Initially, this problem was set to be "easier", that a simple K-d Tree or Quadtree solution will work fine. However, since Problem D is already using K-d Tree for finding the nearest neighbors, to give good variations to the problemset, I rewrote this problem so that it is NOT solvable using (static) K-d Tree nor Quadtree (unless you are able to code "dynamic" K-d Tree / Quadtree in contest time :P).

This problem is solvable using Range Tree. I taught Range Tree during Pelatnas (training camp) 3 TOKI 2012 to 8 of Indonesian students to prepare them for IOI 2012. There are several other students from University of Indonesia were present during the training camp and those same students were participating in ICPC Jakarta 2012. I was surprised that they didn't get this problem accepted in contest time!

I think Range Tree is a rare problem in programming contest. I won't discuss it in detail here, since it is a classic algorithm in computational geometry, you can search for it to learn more. Perhaps it will be included in the next version of the Competitive Programming Book. Rare problems like this usually become the "decider problems" that set apart teams at the top.

Many (inexperienced) teams were submitting naive (not even clever) brute-force solutions O(N*Q). Of course they will get "No - Time Limit Exceeded" reply. Then, they tried optimizing on reading the input more efficiently, optimize the loop, etc, but the complexity is still the same O(N*Q). This problem can be a time-waster for inexperienced teams. As the problem setter, I feel sorry for them.

Here is the problem statement, you can try submit your solution below.

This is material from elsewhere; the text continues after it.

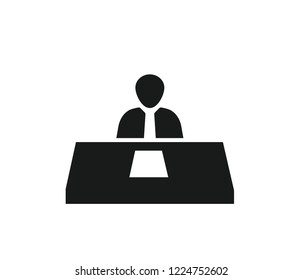 Job interview icon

I'd like to talk about how this problem was prepared, to give you an idea what is it like to be a problem setter. It took me a lot of time to prepare, especially for the test data since I have to kill off simple/clever brute-force solutions. Moreover, I have to kill off solutions using (static) K-d Tree and Quadtree :)

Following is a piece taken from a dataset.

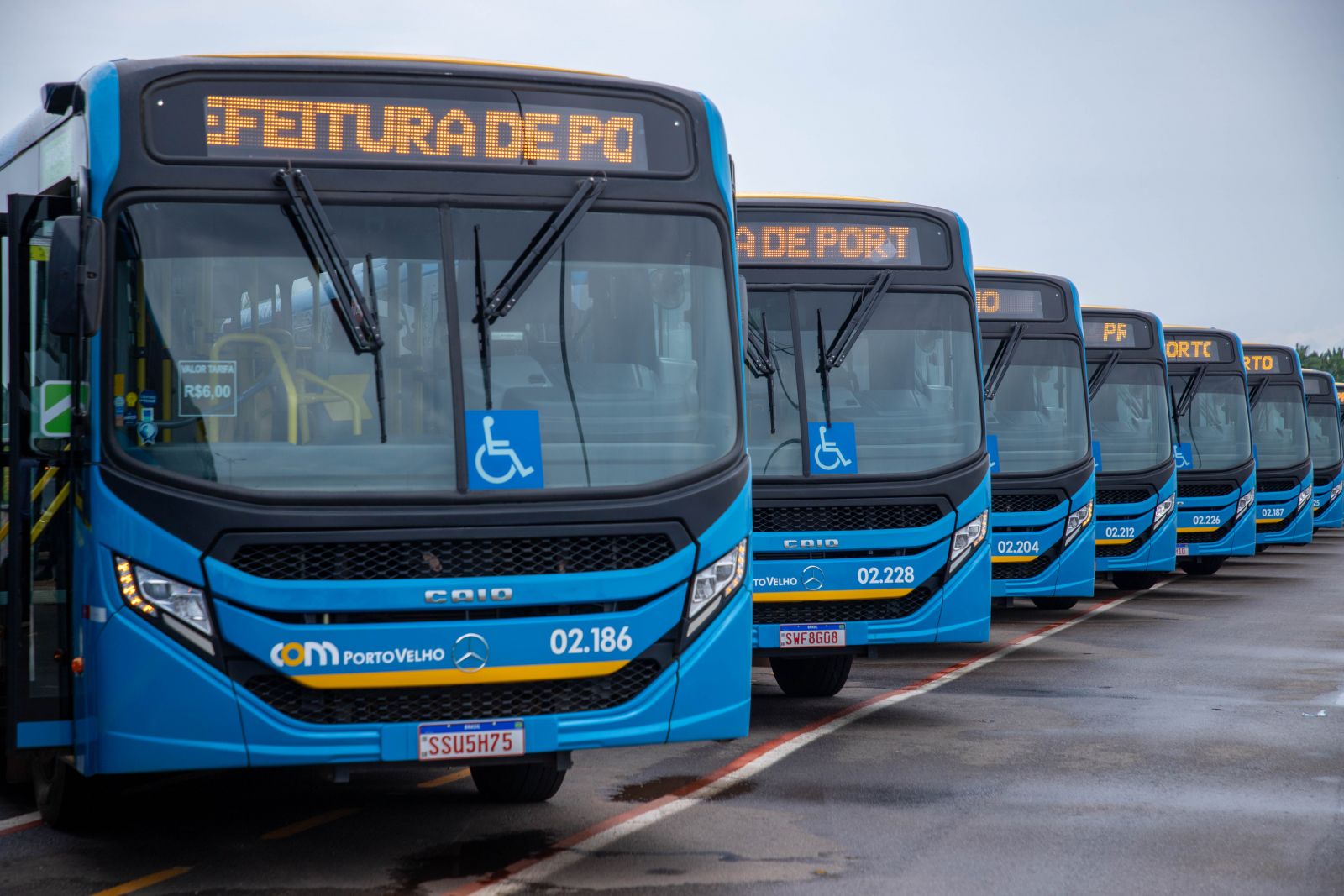 Troca de empresas: Saiba como será a transição da Ricco para a JTP no transporte coletivo de Rio Branco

For the test cases, I prepared 4 types of tests:

  1. To kill off plain bruteforce solutions O(Q*N), a simple random positions and random alien abductions positions and energy will do. However, if we keep the people positions in sorted order, O(Q*N) solution can run pretty fast! So,
  2. To kill off brute force solutions with sorted Xi and Yi coordinate, I created tests where the positions of the people have very close to each other in X coordinate but random in Y coordinate, and vice-versa. Thus bruteforce solutions that sort by X will still have to iterate many Y positions, and vice-versa. However, if we localized the coordinates, that is, by grouping all people in nearby coordinate (within 1000 distance), then you can prune a lot of people (given the energy and position of the alien ship), and thus the first two kinds of test case can run pretty fast! So,
  3. To kill off nearby/localized spatial indexing solutions, I created test cases where all the people are in coordinate (0 <= Xi,Yi < 1000) and all the alien abductions operations are everywhere randomly with very large energy, but so that no abduction is happening. This will force the all local groups to be scanned every query because the energy is large enough to cover all the group in one axis or another (but not both). With these three kinds of tests, I am still concerned that K-d tree or Quadtree indexing will pass. So,
  4. To kill off K-d Tree and Quadtree solutions, I set the positions of all people to (0 <= Xi,Yi < 10) initially. Then, I move (using the alien abduction operation) the person with identifier = 1 to the right 7000 times, and then move it 8000 times on the other (perpendicular) axis. Then, the next alien abduction operation will spread randomly the rest of the people all over the Earth. Then followed by a random alien abductions as in the first kind of testcase. So, if you were to index the INITIAL positions using (static) indexing data structure, and you don't rebalance your index tree during the translation, your index will be very skewed and unbalanced once they are translated and scattered to another part of Earth with clean index. This test case also kills off those who don't actually delete nodes from the K-d Tree / Quadtree (i.e, you flag the nodes as deleted), because the alien abductions will cover the initial positions often, and thus those "ghost nodes" will be revisited again and again if they are only flagged (not deleted).
  5. If the contestants are cleverer than this, I will happily accept their solutions :)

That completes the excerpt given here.